Giorgia Meloni accédait au pouvoir le 22 octobre 2022. Avec un budget approuvé et une immigration illégale en baisse, elle se positionne en leader d’un groupe européen qui oscille entre libéralisme économique et conservatisme.
Cela fait deux ans que Giorgia Meloni a pris la tête du Conseil des ministres en Italie. Cette « dame de fer » italienne avait, lors de son arrivée au pouvoir, une réputation de néo fasciste, admiratrice de Benito Mussolini. Deux ans plus tard, elle s’est imposée notamment au sein de l’Union européenne, comme une leader politique réaliste sur le plan international et financier, tout en maintenant son cap sur les valeurs sociétales, soit un conservatisme social et une fermeté à l’égard de l’immigration. Même le correspondant du journal Le Monde l’a reconnu.
Une politique étrangère et financière compatible avec Bruxelles
Alors qu’elle était accusée de proximité avec Vladimir Poutine pendant sa campagne, Giorgia Meloni a rapidement rejoint la position des pays de l’Union européenne dans leur soutien à l’Ukraine. En ce sens, elle s’est montrée fidèle à l’atlantisme historique de l’Italie et a poussé à l’approbation de nouveaux investissements militaires. Dès le 7 octobre 2023, elle a affirmé son soutien à Israël, en prenant de front la tradition pro-palestinienne de l’Italie, tout en insistant sur la nécessité d’un cessez le feu et d’une augmentation de l’aide à la population civile à Gaza.
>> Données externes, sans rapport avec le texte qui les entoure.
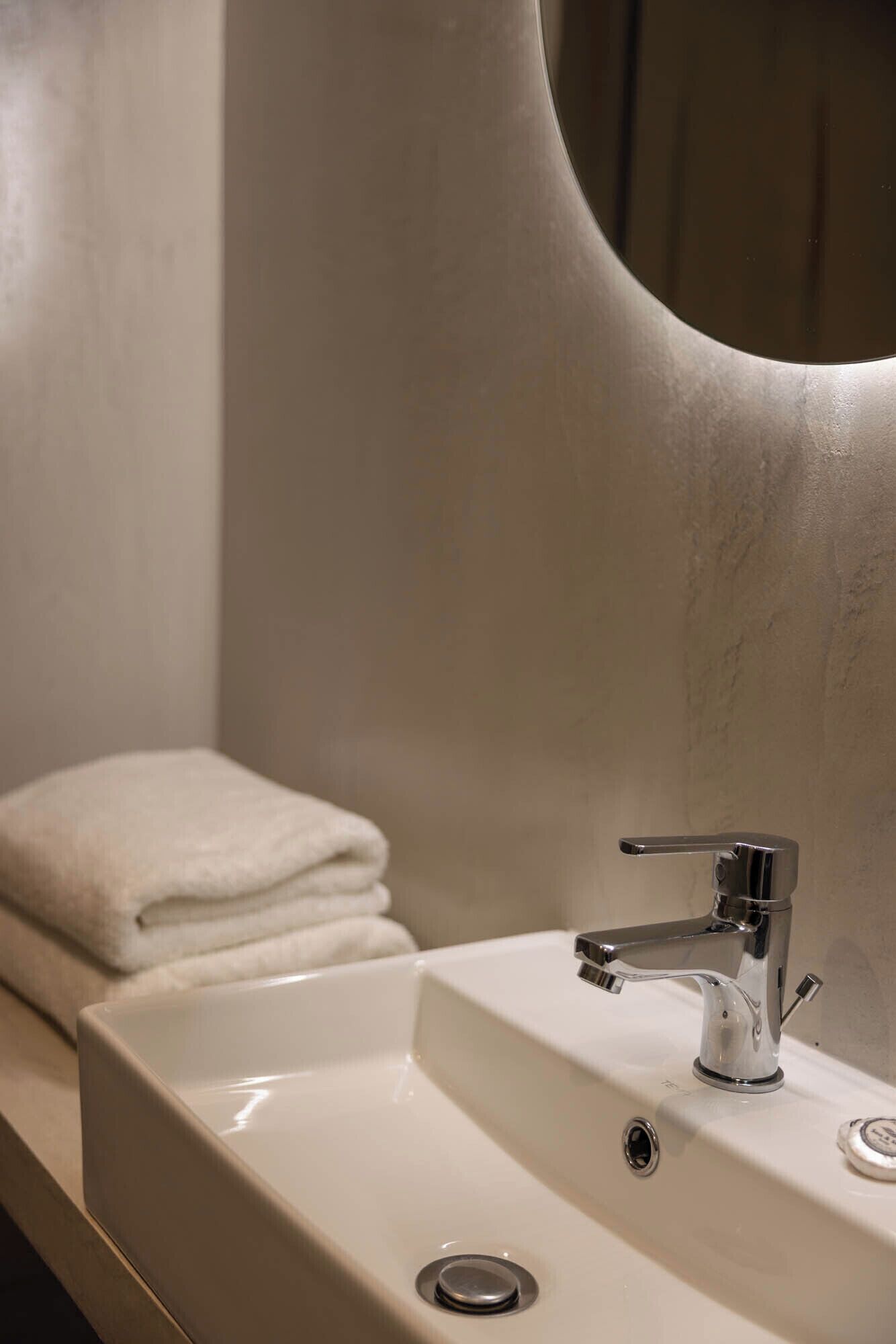 A bathroom sink with a chrome faucet, a mirror, and a towel on the counter.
Réaliste, Giorgia Meloni ne pouvait se permettre de perdre le soutien de l’Union européenne et la bienveillance des marchés. En formant son gouvernement, elle a d’ailleurs nommé des ministres compatibles avec Bruxelles à des postes clés, dont Giancarlo Giorgetti, numéro deux de la Ligue du Nord, membre du gouvernement précédent de Mario Draghi.
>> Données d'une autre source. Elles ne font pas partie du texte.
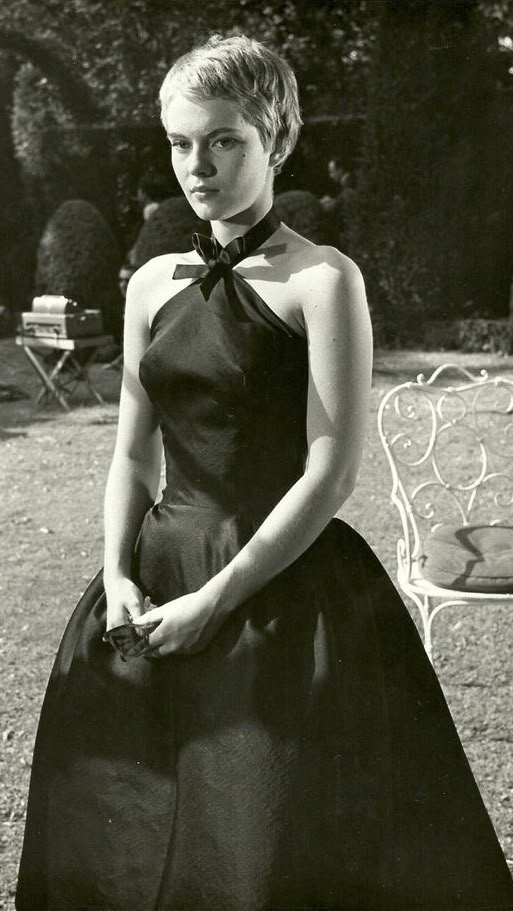 a black and white photo of a woman in a dress with a bow around her neck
Sa politique économique s’inscrit au fond dans la ligne de son prédécesseur, avec quelques mesures audacieuses et marquantes, telles que la suppression pour les personnes jugées employables du revenu citoyen, – un revenu universel créé par le Mouvement 5 étoiles en 2019. Le budget 2025 prévoit de maintenir l’équilibre entre la réduction du déficit et le respect de certaines promesses électorales. Parmi les mesures phares de son budget, son gouvernement prévoit une baisse des impôts pour les revenus les plus modestes. Pour financer cet allègement, il annonce des recettes fiscales prélevées sur les compagnies d’assurances et sur les banques, mais aussi une réduction des dépenses de certains ministères, à l’exception de la Santé et de la Défense. Des efforts qui visent à répondre aux exigences de l’Europe et donnent au marché un signal rassurant. L’agence de notation Fitch a d’ailleurs annoncé qu’elle maintiendrait la notation de la dette publique italienne à l’échelon «BBB», tout en la plaçant dans une perspective de « stable » à « positive » grâce au respect des engagements européens.
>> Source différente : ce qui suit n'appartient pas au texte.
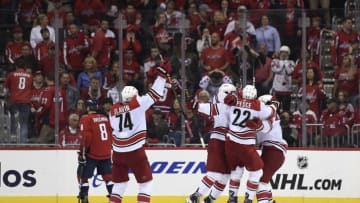 WASHINGTON, DC - APRIL 24: Brock McGinn #23 of the Carolina Hurricanes celebrates with his teammates after scoring the game winning goal in the second overtime period against the Washington Capitals in Game Seven of the Eastern Conference First Round during the 2019 NHL Stanley Cup Playoffs at Capital One Arena on April 24, 2019 in Washington, DC. The Hurricanes defeated the Capitals 4-3 in the second overtime period to move on to Round Two of the Stanley Cup playoffs. (Photo by Patrick McDermott/NHLI via Getty Images)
Une droitisation sociétale
Mais la cheffe du gouvernement italien s’était surtout distinguée durant sa campagne électorale par ses positions sociétales. Au nom de la défense du modèle traditionnel familial, elle a ainsi interdit aux autorités locales d’enregistrer à l’état-civil les enfants de couples gays et lesbiens, qui en Italie ne sont pas autorisés à adopter ou à recourir à des mères porteuses. Elle poursuit une politique qui encourage la natalité en Italie qui a un des taux les plus bas d’Europe, en diminuant notamment la TVA sur les articles et services pour la petite enfance.
Mais les électeurs de Giorgia Meloni l’attendaient surtout sur sa politique à l’égard de l’immigration et ont voté pour une plus grande fermeté dans la lutte contre l’immigration illégale. Pour réaliser cette promesse électorale, Meloni a signé un accord avec la Tunisie, sur le modèle des accords signés entre l’Union européenne et la Turquie. En contrepartie d’une lutte des autorités tunisiennes contre le passage des migrants de l’Afrique subsaharienne vers l’Italie, l’accord prévoit une aide financière à la Tunisie et l’octroi de visas de travail légaux. Ce premier accord a engendré des conséquences dramatiques pour les migrants sub-sahariens mais il a contribué à faire baisser l’immigration clandestine depuis 2024 de plus de 65 %. Giorgia Meloni poursuit cette politique d’accords avec les pays de la Méditerranée, mais elle est à présent en pleine polémique sur l’accord qu’elle a signé avec l’Albanie, un accord de délocalisation du traitement des demandes d’asile des migrants récupérés en mer.
L’incarnation d’un nouveau postpopulisme ?
Dans son dernier ouvrage, le politologue Thibault Muzerges* place Giorgia Meloni en chef de file d’un mouvement idéologique qu’il appelle un « postpopulisme ». « C’est un mouvement qui se caractérise par un conservatisme sociétal assumé, une fermeté à l’égard de l’immigration et un soutien au libéralisme économique et à l’Union européenne. » Un positionnement qui la distingue de La Lega de Matteo Salvini, ou encore du Vlaams Belang de Tom Van Grieken. En juin 2024, lors des élections européennes, Giorgia Meloni est l’une des seules dirigeantes européennes à s’être retrouvée confortée par le résultat des urnes.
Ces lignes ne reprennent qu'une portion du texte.